** LISTED RECORDS follows **

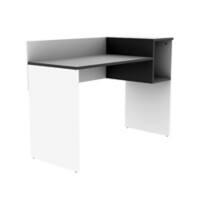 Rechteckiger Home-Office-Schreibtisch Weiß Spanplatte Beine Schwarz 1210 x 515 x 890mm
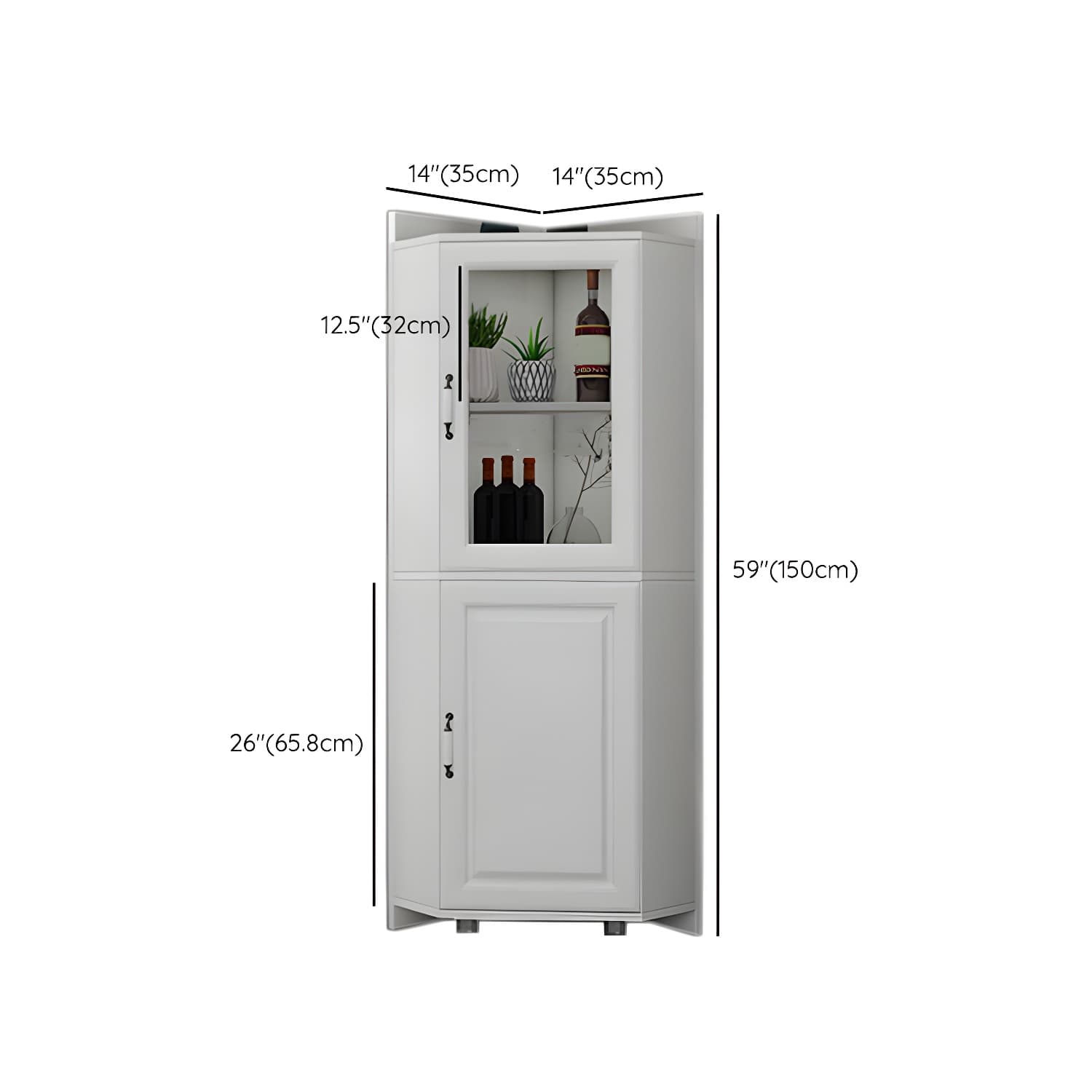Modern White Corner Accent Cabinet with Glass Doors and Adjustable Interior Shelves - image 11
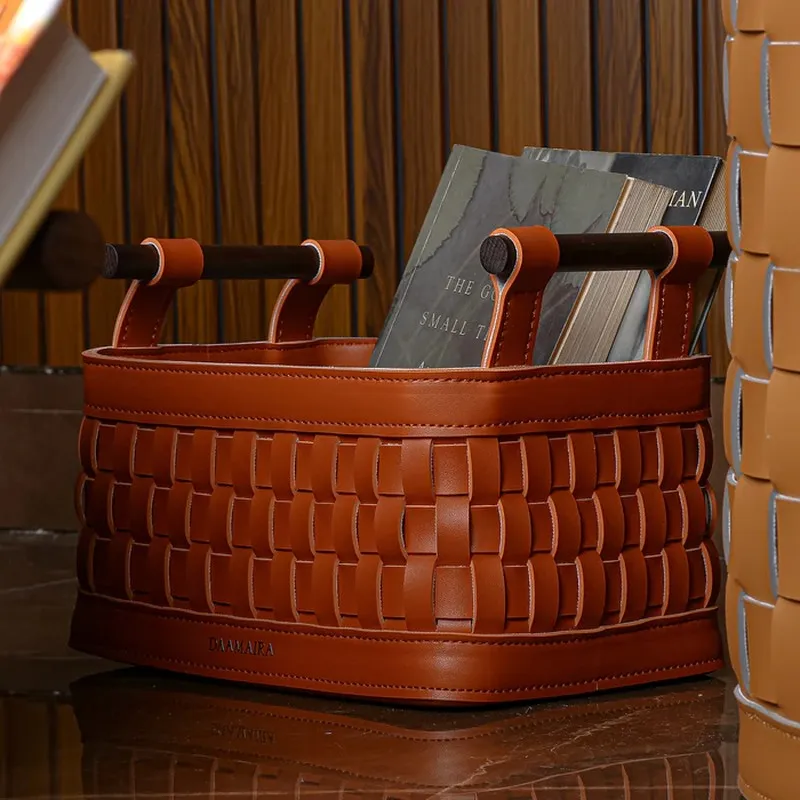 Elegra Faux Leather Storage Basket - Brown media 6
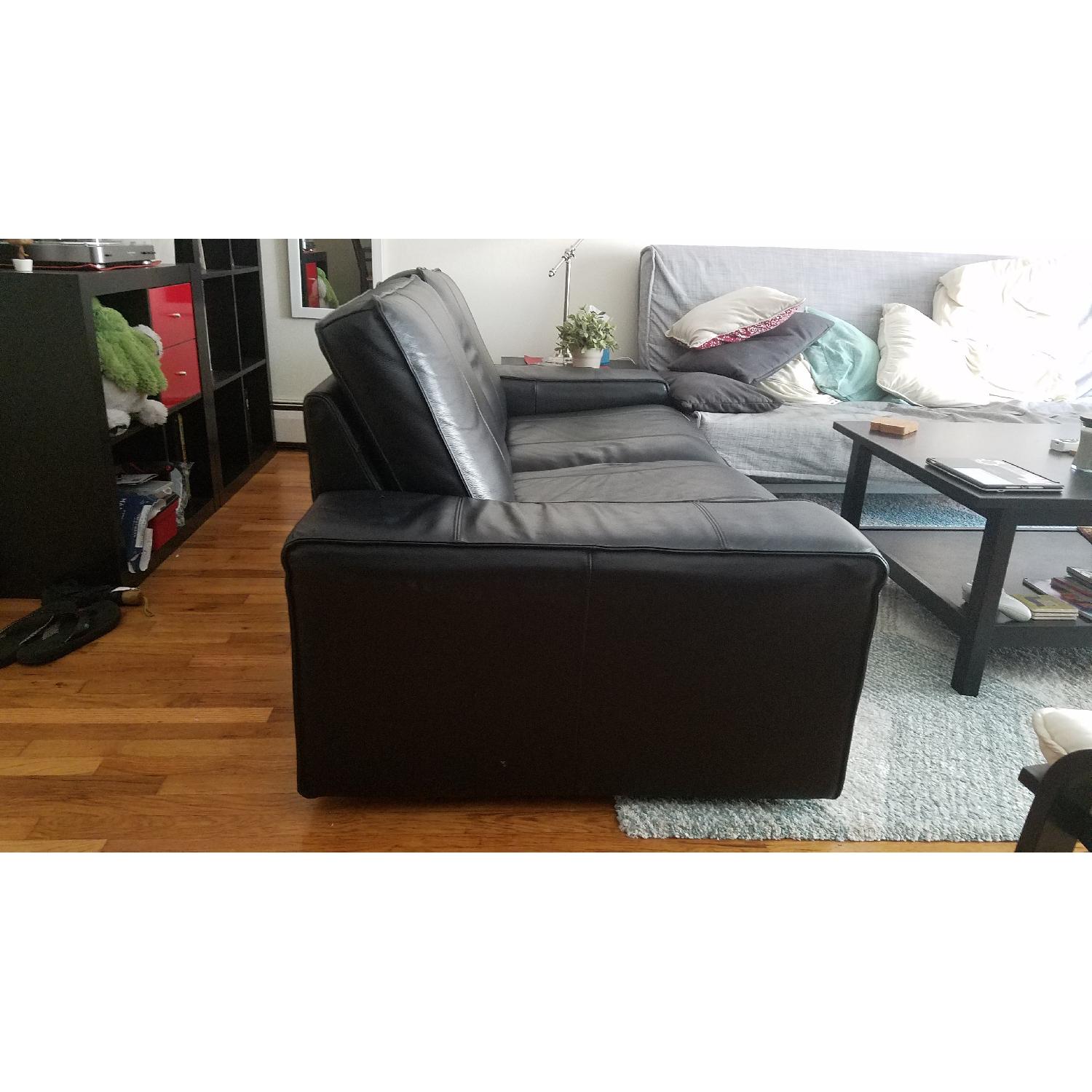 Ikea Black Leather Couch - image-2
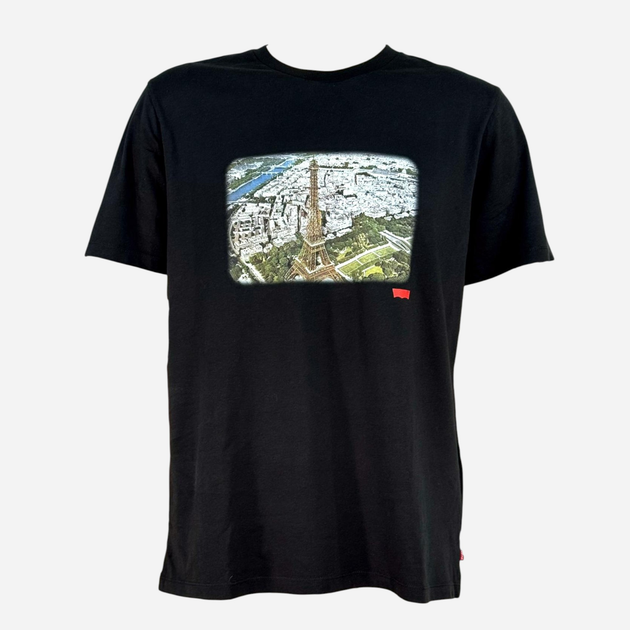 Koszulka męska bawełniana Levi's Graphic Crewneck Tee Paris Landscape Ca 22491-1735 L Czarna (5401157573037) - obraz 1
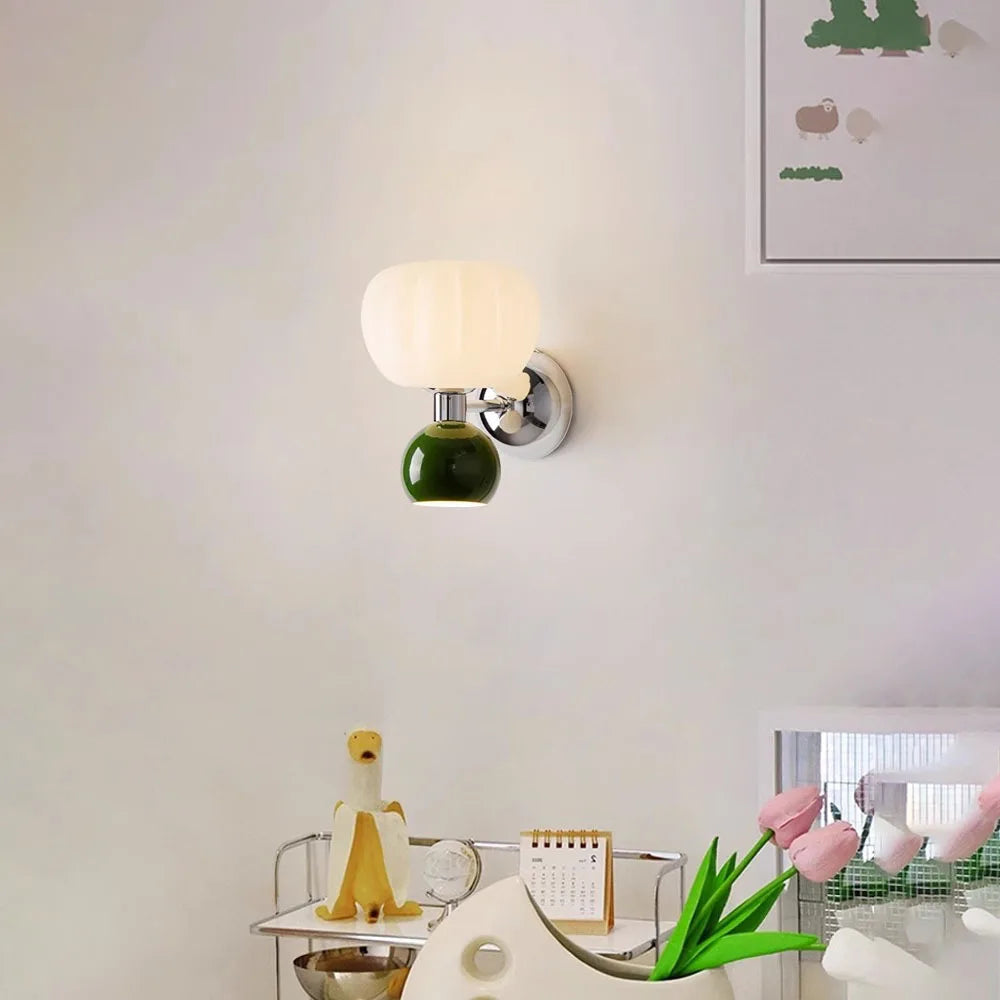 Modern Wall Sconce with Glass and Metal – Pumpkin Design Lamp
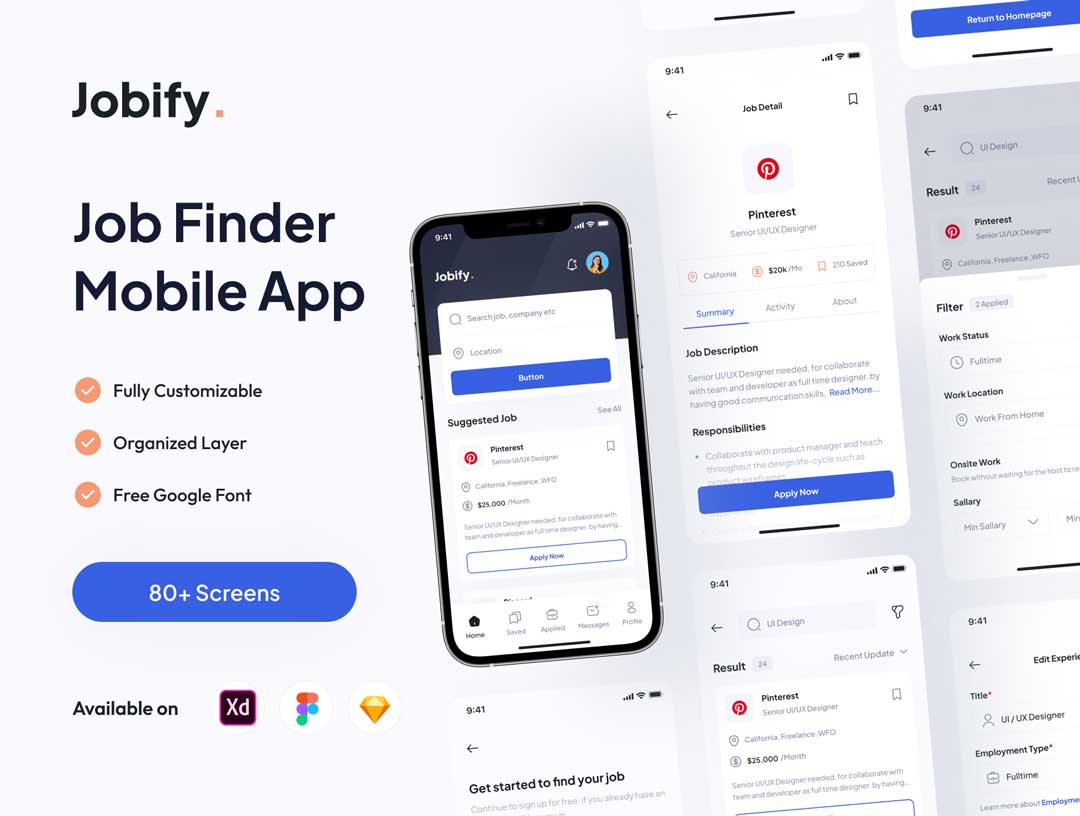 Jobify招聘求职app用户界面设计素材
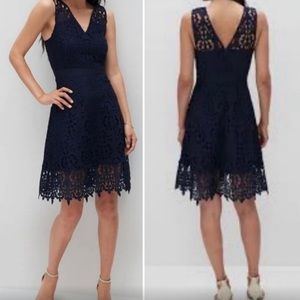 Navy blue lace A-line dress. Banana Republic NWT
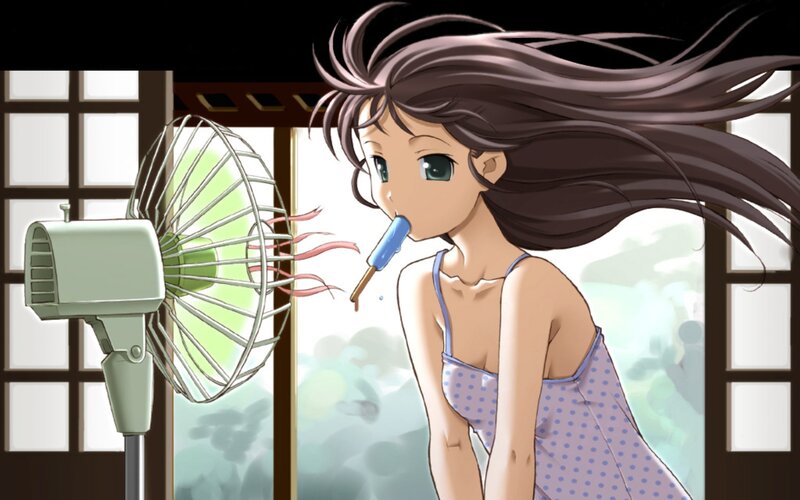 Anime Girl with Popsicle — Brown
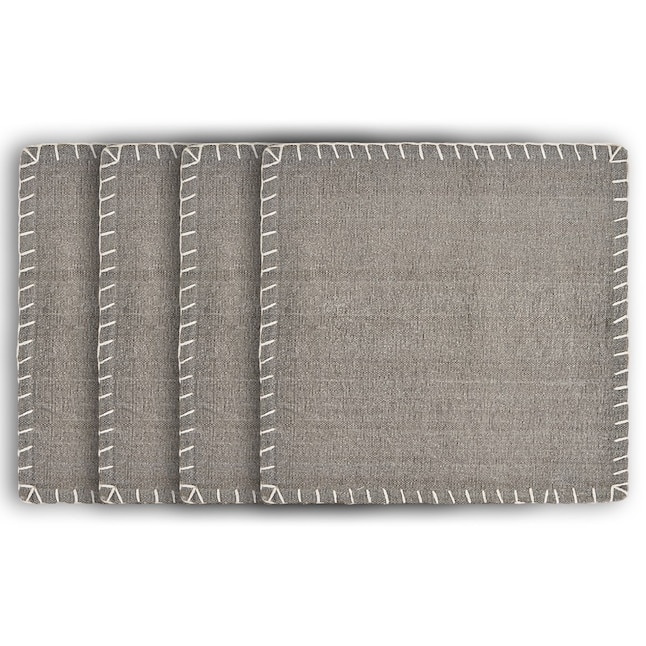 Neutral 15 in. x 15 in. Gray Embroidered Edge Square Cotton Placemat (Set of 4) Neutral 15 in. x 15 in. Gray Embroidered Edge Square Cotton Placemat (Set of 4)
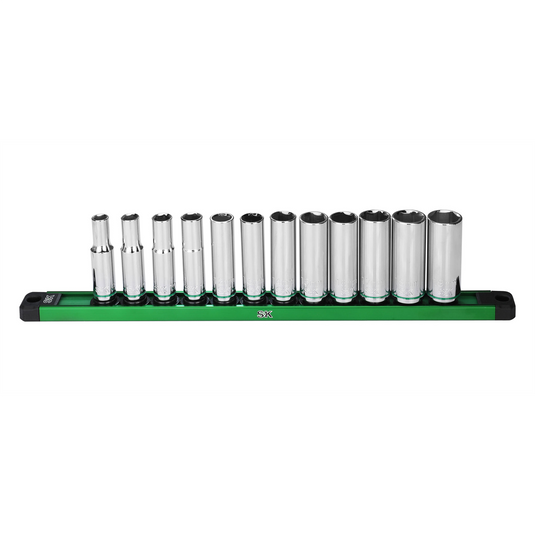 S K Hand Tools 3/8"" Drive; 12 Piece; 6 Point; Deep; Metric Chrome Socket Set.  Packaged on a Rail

** End of LISTED RECORDS **

### EXERCISE OBJECTIVE
Your job is to reproduce the material exactly. Keep pictures out of it.

### RESULT FOR THIS TASK
 Rechteckiger Home-Office-Schreibtisch Weiß Spanplatte Beine Schwarz 1210 x 515 x 890mm
Modern White Corner Accent Cabinet with Glass Doors and Adjustable Interior Shelves - image 11
 Elegra Faux Leather Storage Basket - Brown media 6
 Ikea Black Leather Couch - image-2
 Koszulka męska bawełniana Levi's Graphic Crewneck Tee Paris Landscape Ca 22491-1735 L Czarna (5401157573037) - obraz 1
 Modern Wall Sconce with Glass and Metal – Pumpkin Design Lamp
 Jobify招聘求职app用户界面设计素材
 Navy blue lace A-line dress. Banana Republic NWT
 Anime Girl with Popsicle — Brown
 Neutral 15 in. x 15 in. Gray Embroidered Edge Square Cotton Placemat (Set of 4) Neutral 15 in. x 15 in. Gray Embroidered Edge Square Cotton Placemat (Set of 4)
 S K Hand Tools 3/8"" Drive; 12 Piece; 6 Point; Deep; Metric Chrome Socket Set.  Packaged on a Rail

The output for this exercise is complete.